When the time comes for you to return to life at the office, be proactive with getting your dog ready for the change. Avoid separation anxiety and help your dog adjust well to life after quarantine with these tips.

 

Establish a New Routine

If possible, spend the weeks leading up to your return to work establishing a new routine. This will make the transition smoother when it’s time for you to leave. Your dog will also get used to new cues like seeing you put on your shoes, hearing the jingle of your car keys, and hearing the garage door and car when you leave. Practice a scheduled routine like this.

  • 7am – Wake up, go potty, take a walk
  • 8am – Have breakfast and get some belly rubs
  • 8:30am-9:30am – Crate time
  • 12:30pm-1:30pm – Go potty, have a few treats, and take a short walk or have a game of fetch
  • 1:30pm-2:30pm – Crate time
  • 5:30pm-6:30pm – Take a long walk, visit the park, or enjoy a play session
  • 6:30pm-9:30pm – Dinner time, belly rubs, hanging out together at home
  • 9:30pm – Bedtime in the crate

Give Your Dog Plenty of Exercise

With increased down time in their crate comes a need for more activity before their time alone. Take time in the mornings before you leave for work and when you get home to give your dog a nice long walk and play fetch with them. If your pup is tired out when you leave them alone, they will sleep well and enjoy their “me time” in their crates more.


Practice Crate Training 

Speaking of the create, if your dog is not already crate trained, make that a priority before you head back to work. Try to leave the house for at least a few minutes while your dog is in the crate. This will get the pup used to being in there without you nearby. And to ensure your pup’s comfort, prepare the crate with these items.

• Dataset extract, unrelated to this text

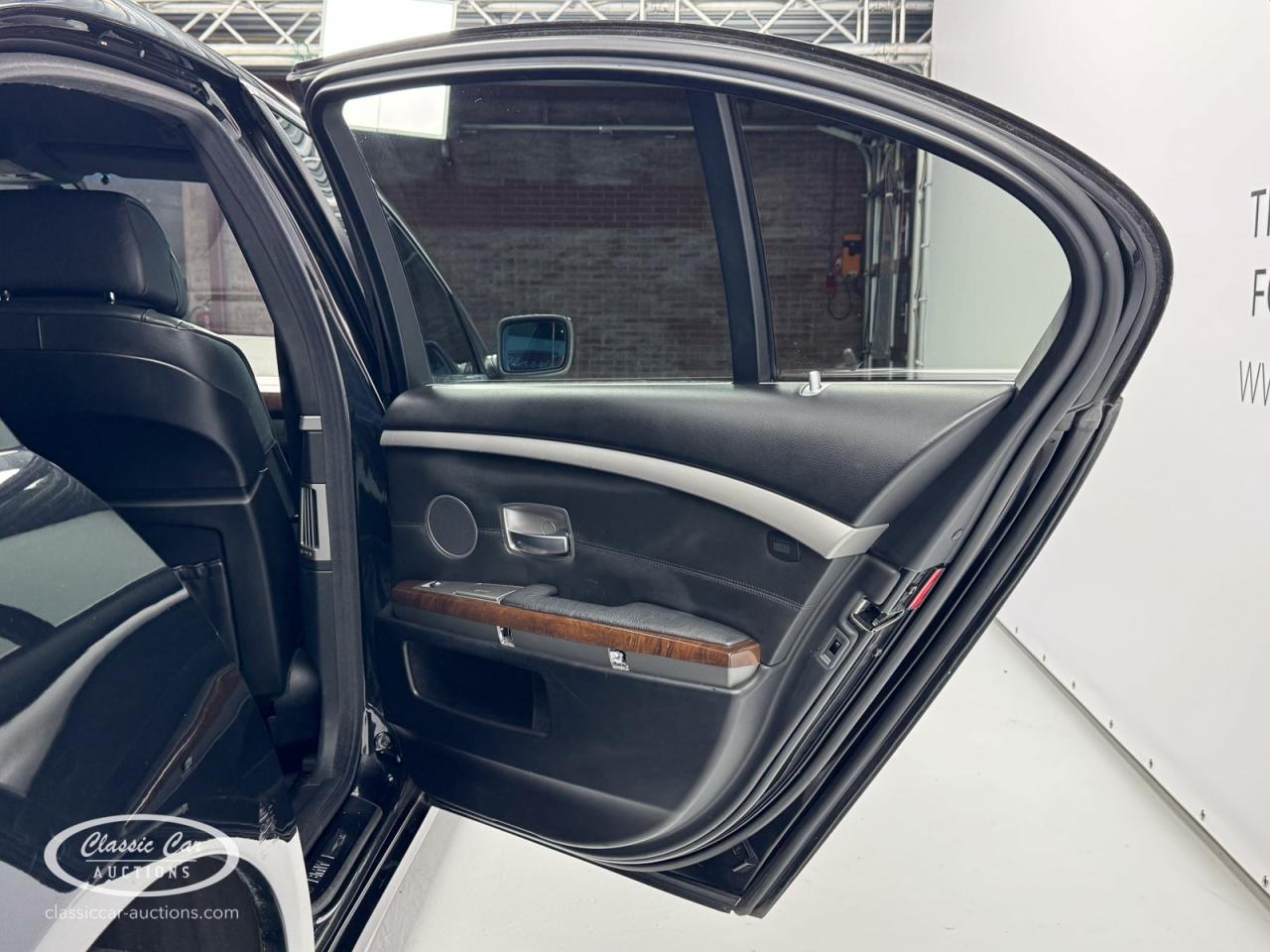 2006 BMW 730i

  • Safe and secure crate in a quiet, cool room
  • A comfortable mat or bed
  • A crate cover to help make their “den” feel safe
  • Fresh drinking water
  • A toy that cannot be chewed apart or choked on
  • No collar to avoid any dangers of it getting caught on the crate

 

Hire a Dog Sitter or Dog Walker

If you’re anticipating long hours at the office or won’t be able to come home during your lunch break, you’ll need to hire help to ensure your pup gets the care they need. Consider bringing this person into your routine while still working from home. This way, your pup gets to know this new friend and the transition is smoother.

Alternatively, investigate using a doggy daycare. Just like little human daycares, these places are excellent for getting your dog more socialization time and burning off energy during the day. Though services can sometimes be a little pricey, ask about bulk discounts. Daycares are often willing to reduce price if you commit to weeks or months of care.

Make Your Time with Your Pup Special

With less time to hang out with your dog during the work day, try to make the time you do spend together even more fun and meaningful. Whether it’s exploring a new park together after work, taking a hike or swim on the weekend, or giving some extra belly rubs before bed, make every moment count.